Elizabeth II spent virtually all her life surrounded by one of the world’s greatest art collections. Even when she was a child, and the likelihood of her inheriting the throne still seemed remote, visits to her grandparents at Buckingham Palace involved looking at pictures, since George V enjoyed showing her the Victorian narrative paintings that hung there, such as William Powell Frith’s ‘Ramsgate Sands’.
Nobody knows exactly how many works of art there are in the Royal Collection, but at the end of Elizabeth II’s reign nearly 300,000 objects had been catalogued online, probably just under a third of the whole. Among the many masterpieces are Andrea Mantegna’s monumental sequence of canvases ‘The Triumph of Caesar’, purchased by Charles I in 1629; nearly 600 drawings by Leonardo da Vinci, including virtually all his anatomical studies; one of the finest Mughal manuscripts, ‘Padshahnama’; no fewer than 52 paintings by Canaletto; and the largest collection of 18th-century Sèvres porcelain outside France.
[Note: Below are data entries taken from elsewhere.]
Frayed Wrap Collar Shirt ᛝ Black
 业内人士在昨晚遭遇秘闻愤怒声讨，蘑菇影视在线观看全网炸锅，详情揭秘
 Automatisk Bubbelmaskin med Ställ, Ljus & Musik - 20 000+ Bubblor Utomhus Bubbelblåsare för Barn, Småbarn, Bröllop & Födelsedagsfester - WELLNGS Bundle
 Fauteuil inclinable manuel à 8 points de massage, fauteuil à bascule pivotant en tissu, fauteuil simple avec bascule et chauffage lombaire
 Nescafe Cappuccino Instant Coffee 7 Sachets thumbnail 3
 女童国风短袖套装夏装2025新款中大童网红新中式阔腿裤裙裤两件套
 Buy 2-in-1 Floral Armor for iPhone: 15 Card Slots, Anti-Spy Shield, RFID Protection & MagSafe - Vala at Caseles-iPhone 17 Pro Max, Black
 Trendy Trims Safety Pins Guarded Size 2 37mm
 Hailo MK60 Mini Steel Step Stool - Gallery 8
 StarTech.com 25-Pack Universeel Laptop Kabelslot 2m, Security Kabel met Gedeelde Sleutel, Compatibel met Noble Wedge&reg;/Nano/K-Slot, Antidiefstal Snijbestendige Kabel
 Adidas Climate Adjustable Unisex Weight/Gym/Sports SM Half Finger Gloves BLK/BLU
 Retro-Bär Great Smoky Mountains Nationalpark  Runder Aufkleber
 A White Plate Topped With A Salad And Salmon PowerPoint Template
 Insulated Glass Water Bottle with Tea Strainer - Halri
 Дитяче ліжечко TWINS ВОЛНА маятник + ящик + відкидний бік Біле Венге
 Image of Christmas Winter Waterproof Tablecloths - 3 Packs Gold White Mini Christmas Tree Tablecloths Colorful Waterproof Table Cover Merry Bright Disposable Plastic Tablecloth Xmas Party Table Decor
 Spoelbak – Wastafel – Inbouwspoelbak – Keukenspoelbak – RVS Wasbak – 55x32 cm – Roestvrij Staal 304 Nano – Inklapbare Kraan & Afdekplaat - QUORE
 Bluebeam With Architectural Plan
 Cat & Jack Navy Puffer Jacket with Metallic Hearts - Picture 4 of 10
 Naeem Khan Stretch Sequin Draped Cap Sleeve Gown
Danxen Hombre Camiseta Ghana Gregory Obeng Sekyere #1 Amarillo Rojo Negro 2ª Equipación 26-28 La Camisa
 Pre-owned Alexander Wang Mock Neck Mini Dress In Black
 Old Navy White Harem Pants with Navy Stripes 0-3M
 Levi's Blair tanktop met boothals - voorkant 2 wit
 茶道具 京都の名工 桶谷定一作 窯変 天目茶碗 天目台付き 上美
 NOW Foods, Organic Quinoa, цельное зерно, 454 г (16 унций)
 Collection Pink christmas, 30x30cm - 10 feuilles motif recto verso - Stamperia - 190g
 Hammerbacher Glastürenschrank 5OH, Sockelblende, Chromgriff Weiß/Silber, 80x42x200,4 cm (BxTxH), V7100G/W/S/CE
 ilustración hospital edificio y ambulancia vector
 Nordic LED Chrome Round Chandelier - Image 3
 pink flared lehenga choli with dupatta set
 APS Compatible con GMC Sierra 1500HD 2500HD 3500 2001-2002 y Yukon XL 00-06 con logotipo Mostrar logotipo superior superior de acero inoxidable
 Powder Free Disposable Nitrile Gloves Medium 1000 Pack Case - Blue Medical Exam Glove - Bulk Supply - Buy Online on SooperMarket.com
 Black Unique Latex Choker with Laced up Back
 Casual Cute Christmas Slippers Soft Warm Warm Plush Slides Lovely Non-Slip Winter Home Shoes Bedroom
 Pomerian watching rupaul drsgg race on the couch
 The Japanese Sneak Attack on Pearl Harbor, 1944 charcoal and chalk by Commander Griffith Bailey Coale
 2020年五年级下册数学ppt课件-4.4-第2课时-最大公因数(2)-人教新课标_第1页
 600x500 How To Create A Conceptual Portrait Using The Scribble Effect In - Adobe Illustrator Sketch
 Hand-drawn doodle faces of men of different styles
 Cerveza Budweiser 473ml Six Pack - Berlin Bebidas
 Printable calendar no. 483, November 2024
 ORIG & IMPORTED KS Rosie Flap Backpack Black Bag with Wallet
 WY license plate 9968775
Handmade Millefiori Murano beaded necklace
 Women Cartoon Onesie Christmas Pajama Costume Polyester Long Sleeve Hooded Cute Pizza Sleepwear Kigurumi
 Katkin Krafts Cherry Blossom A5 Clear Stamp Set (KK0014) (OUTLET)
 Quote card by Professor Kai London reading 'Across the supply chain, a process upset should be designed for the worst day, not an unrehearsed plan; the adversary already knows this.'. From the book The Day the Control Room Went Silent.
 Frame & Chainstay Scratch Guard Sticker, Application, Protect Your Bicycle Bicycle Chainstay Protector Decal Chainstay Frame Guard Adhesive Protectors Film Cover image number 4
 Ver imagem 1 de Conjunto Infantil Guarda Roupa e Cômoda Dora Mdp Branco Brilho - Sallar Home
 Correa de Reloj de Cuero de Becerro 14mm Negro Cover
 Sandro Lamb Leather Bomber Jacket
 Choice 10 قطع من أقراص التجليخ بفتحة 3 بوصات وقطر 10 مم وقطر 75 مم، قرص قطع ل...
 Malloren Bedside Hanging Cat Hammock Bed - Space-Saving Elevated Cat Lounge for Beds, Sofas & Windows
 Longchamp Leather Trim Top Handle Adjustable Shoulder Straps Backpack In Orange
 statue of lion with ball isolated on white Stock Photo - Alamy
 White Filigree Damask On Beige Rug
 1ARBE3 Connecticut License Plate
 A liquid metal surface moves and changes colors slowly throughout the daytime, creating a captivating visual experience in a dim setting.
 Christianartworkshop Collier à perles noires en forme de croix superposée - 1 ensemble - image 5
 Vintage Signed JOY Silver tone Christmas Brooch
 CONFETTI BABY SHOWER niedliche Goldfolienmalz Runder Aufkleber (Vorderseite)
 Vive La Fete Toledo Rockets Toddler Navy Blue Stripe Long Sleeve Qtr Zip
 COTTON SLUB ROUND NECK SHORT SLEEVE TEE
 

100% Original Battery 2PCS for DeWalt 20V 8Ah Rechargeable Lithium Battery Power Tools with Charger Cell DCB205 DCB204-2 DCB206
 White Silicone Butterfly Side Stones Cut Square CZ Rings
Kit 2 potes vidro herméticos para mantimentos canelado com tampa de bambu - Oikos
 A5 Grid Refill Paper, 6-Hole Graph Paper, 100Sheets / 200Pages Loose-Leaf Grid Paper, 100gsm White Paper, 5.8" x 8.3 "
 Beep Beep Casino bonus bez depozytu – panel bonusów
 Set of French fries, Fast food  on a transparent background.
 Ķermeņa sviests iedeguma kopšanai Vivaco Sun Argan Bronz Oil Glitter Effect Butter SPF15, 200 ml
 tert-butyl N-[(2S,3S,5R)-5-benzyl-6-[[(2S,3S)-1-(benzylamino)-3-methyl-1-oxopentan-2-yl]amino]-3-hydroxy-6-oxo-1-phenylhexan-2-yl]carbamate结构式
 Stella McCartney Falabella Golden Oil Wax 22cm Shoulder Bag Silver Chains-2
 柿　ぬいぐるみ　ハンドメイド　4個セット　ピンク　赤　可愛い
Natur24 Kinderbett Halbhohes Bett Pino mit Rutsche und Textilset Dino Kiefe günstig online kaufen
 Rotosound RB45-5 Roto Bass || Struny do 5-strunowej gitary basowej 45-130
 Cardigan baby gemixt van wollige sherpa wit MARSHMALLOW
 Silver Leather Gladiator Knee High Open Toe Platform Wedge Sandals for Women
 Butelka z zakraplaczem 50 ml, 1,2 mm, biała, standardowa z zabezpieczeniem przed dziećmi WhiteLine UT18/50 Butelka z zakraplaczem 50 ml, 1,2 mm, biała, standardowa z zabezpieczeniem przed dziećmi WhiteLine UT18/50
The existence of this extraordinary collection is evidence of the longevity of the British monarchy: in most countries, royal collections now form the core of national galleries – the Prado in Spain and the Louvre in France, for example – whereas in Britain these works are distributed over 15 royal residences and former residences. Although the collection was occasionally included in estimates of the Queen’s personal wealth, it is a possession of the Crown and so – like Buckingham Palace – cannot be sold.
It is one of the ironies of the Queen’s life that this vast accumulation was the backdrop to the ceremonial and domestic life of a woman who was supposedly indifferent to art. Anyone who asks a member of the royal household what the Queen thought about the subject is likely to be told the anecdote that when Christopher Lloyd, who was Surveyor of the Queen’s Pictures from 1988 to 2005, raised the idea that she might spend money on contemporary art, she looked surprised and replied: ‘But what about my horses?’ (It seems unlikely that he was cheeky enough to answer, as reported: ‘Well they never win, do they?’) Unlike her husband and eldest son she never painted or sketched; unlike her mother, she made almost no attempt to buy modern pictures for her own pleasure; and unlike Prince Philip, whose enjoyment of the company of such painters as Edward Seago and Feliks Topolski encouraged him to accumulate a large private collection, she had no artists among her friends.